Action item: Leaving out the images, return the data below exactly as it is written.

Data block:
====

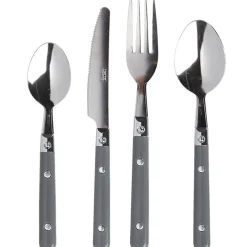 Gifi Ménagère 16 pièces inox manche plastique gris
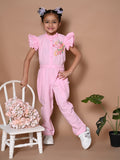 Unicorn Embrodiery Baby Pink Full Jumpsuit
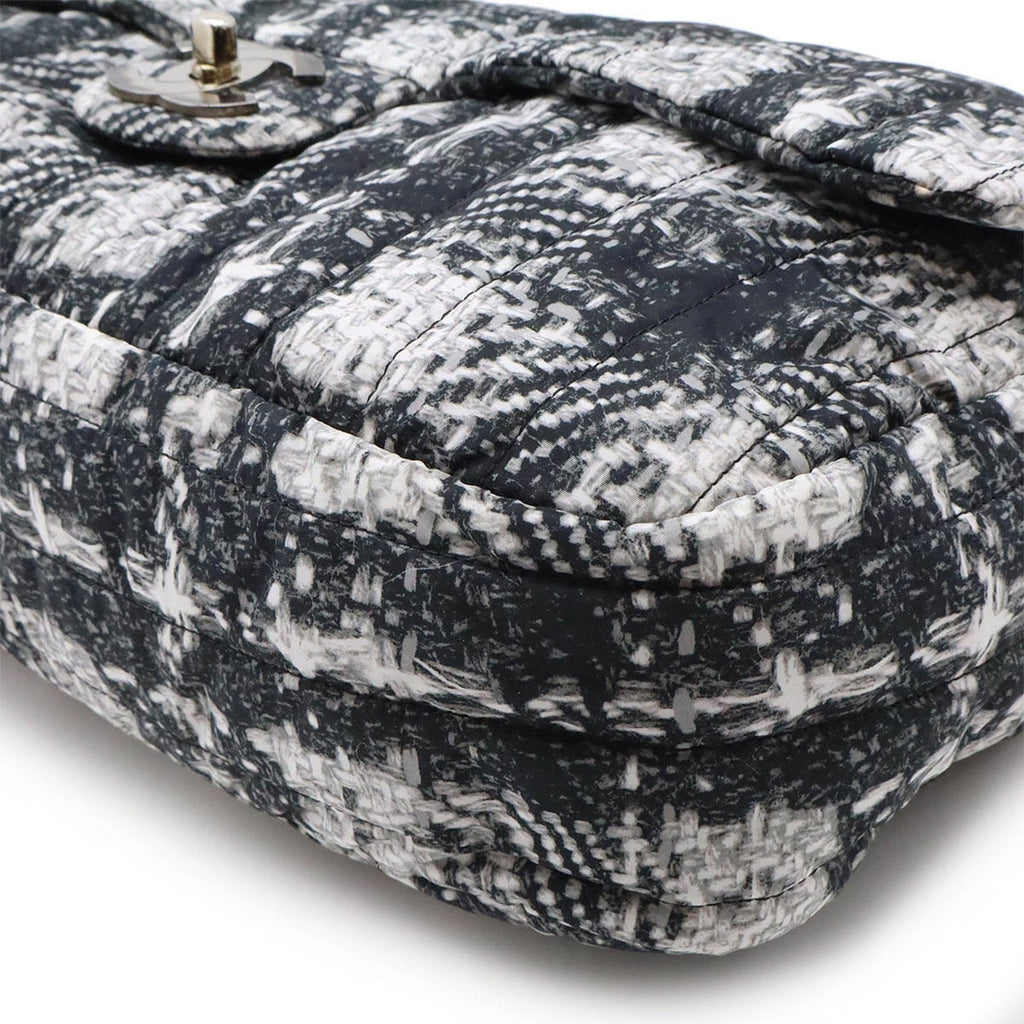 Chanel Tweed Single Flap Bag with Box and Accessories
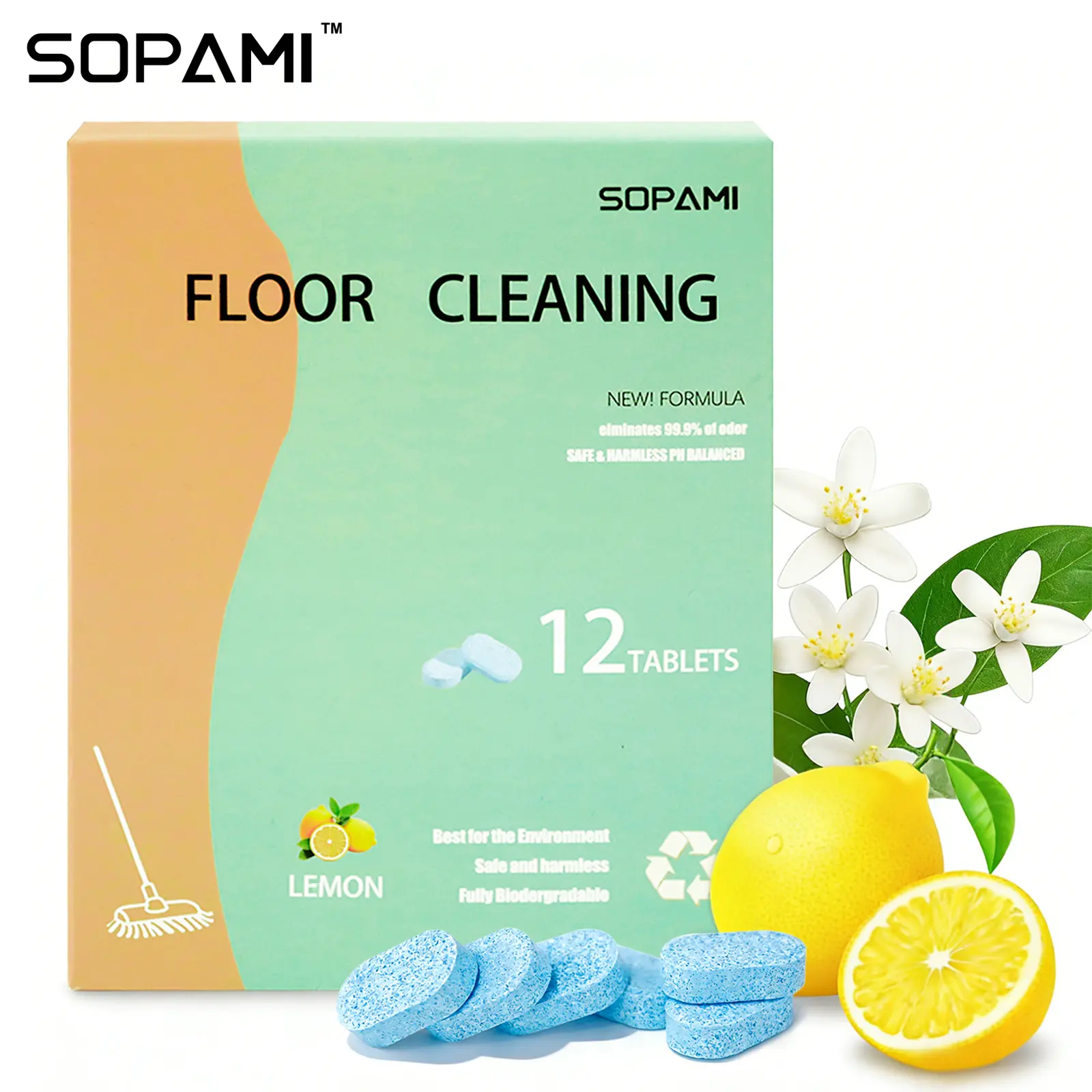 SOPAMI 12/24PCS-Pack Floor Cleaning Tablets available in lemon or mint scent eco-safe materials remove grime and odors effectively dries quickly with no residue for all household floor cleaning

====

Output of the task:
 Gifi Ménagère 16 pièces inox manche plastique gris
 Unicorn Embrodiery Baby Pink Full Jumpsuit
 Chanel Tweed Single Flap Bag with Box and Accessories
 SOPAMI 12/24PCS-Pack Floor Cleaning Tablets available in lemon or mint scent eco-safe materials remove grime and odors effectively dries quickly with no residue for all household floor cleaning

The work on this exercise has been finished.